To determine whether the genotype played any role in the gut microbiota divergence and associated phenotypes, the upper and lower clusters were compared by genotype for weight gain, liver triglyceride accumulation, claudin-1 expression and glucose tolerance. When separated by genotype and microbiome cluster, a HFHS diet significantly increased the final body weight of the PASK−/−-HFHS lower cluster mice, while WT-HFHS lower cluster mice showed a significant increase (p = 0.0451) in triglycerides with the WT-HFHS upper mice nearing significance (p = 0.0738) (Figure 7 A,B). These results suggested altered lipidomics in the WT and PASK−/− lower cluster mice, favoring triglyceride accumulation for WT and fat production for PASK−/− mice in response to the HFHS diet. The HFHS diet decreased claudin-1 expression in both WT upper (p = 0.0113) and lower (p = 0.0305) as well as the PASK−/− lower group (p = 0.0317) when compared to WT-NCD (Figure 7C). Interestingly, however, the PASK−/−-HFHS upper group was once again protected and displayed claudin-1 levels similar to WT-NCD (p = 0.9004), just as this cohort was protected from weight gain. The factorial ANOVA performed suggested these effects were once again due to an interaction between genotype, diet and microbiome cluster, supporting the differences between WT and PASK−/− and suggesting a protective effect provided by PASK-deficiency which could be overcome by the microbiota in the lower cluster but not by the microbiota in the upper cluster.
The glucose response by genotype in the upper and lower clusters was also compared (Figure 7D,E). At 15 weeks there were no AUC differences between the groups based on the genotype that achieved statistical significance when using full factorial ANOVA; however, the final datapoint of the GTT was significantly different and the PASK−/−-HFHS lower group AUC trended high (p = 0.0885). At week 19 both the PASK−/−-HFHS lower group (p = 0.0363), and the WT-HFHS lower group (p = 0.0335) had greater AUC when compared to the total WT-NCD group by using full factorial ANOVA, which suggested the effects were due to an interaction between diet, genotype and the HFHS cluster. At the 23-week timepoint, only the PASK−/−-HFHS lower group was significantly different from the WT-NCD group (p = 0.0534), with the WT-HFHS differences becoming less apparent (p = 0.1123). These results support a genotypic effect and suggest that the PASK−/−-HFHS mice showed a greater susceptibility to the shift in the microbiota, showing more dramatic shifts than WT-HFHS at weeks 15 and 23.

4. Discussion

Rates of obesity, hypertriglyceridemia and insulin resistance are alarming and on the rise in the United States, necessitating better animal models to better understand influencing factors. Deletion of PAS kinase (PASK) has previously been shown to protect mice against high fat diet-induced weight gain, triglyceride accumulation and insulin resistance [27,31,37], suggesting that it is a key regulator of these pivotal pathways. The microbiome has also been correlated with these phenotypes in several studies, yet no studies have investigated the combined effects of microbiome and PASK-deficiency. Herein, the role of PAS kinase was examined on a western-style HFHS diet rather than a high fat diet, including effects on weight gain, triglyceride accumulation, glucose sensitivity and insulin resistance as well as microbiome composition. Although all mice displayed an expected shift to lower alpha diversity and increased beta diversity on the HFHS diet, a key finding was a remarkable forked separation of microbiome composition observed in both wild type and PASK−/− mice on the HFHS diet. Two discrete microbiomes emerged, with the “lower” cluster containing elevated levels of Firmicutes, Bacteroidetes, Actinobacteria, Proteobacteria and Defferibacteres when compared to the “upper” cluster (Figure 5D). These upper and lower clusters were also associated with key differences in weight gain, liver triglyceride accumulation as well as glucose intolerance.

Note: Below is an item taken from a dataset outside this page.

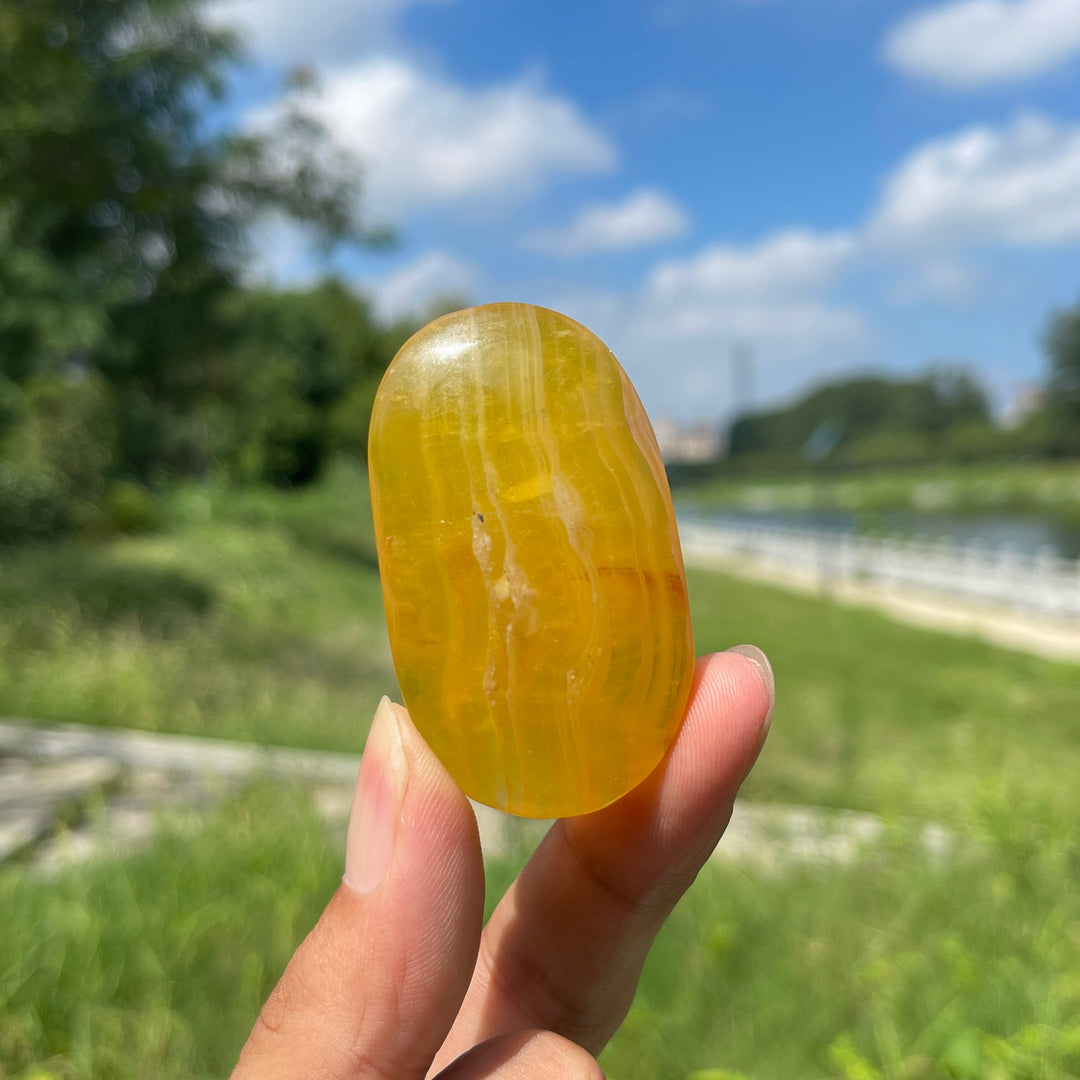 Natural Yellow Fluorite Palm Stone Crystal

Contrary to previously published studies, although mice on the western-style HFHS gained weight, deletion of PAS kinase did not protect mice from weight gain (Figure 1A,B). An examination of the microbiota clusters revealed that none of the mice in the upper cluster were in the highest tertile of body weight, suggesting the microbiota may play a protective role in weight gain. When the upper and lower clusters were examined based on their genotype, only the PASK−/−-HFHS lower cluster mice displayed a significant increase in body weight, suggesting that they contributed most to the weight significance of the lower cluster. In contrast, when analyzing liver triglyceride by their cluster, only the WT lower cluster displayed significant increases, supporting PASK-deficiency protection from liver triglyceride accumulation (Figure 7A,B). Thus, both weight and liver triglyceride accumulation are associated with the lower cluster microbiome, with key differences due to the wild type and PASK−/− mice favoring liver triglyceride accumulation or weight gain, respectively.
Mice in the lower microbiota cluster also displayed significantly poorer glucose tolerance after both 19 and 23 weeks on the HFHS diet, whereas mice in the upper microbiota cluster on the same diet showed a glucose response that was indistinguishable from that of wild type mice on a healthy NCD (Figure 6A,B). When analyzed based on their genotype, the WT and PASK−/− lower cluster mice showed poor glucose tolerance (AUC) at 19 weeks, with only PASK−/− AUC remaining significant at 23 weeks (Figure 7E); however, several individual time points were significant for the HFHS upper cluster (Figure 7D). Full factorial ANOVA suggested the effects were due to an interaction between diet, genotype and the HFHS cluster, supporting true genotypic and microbiome differences.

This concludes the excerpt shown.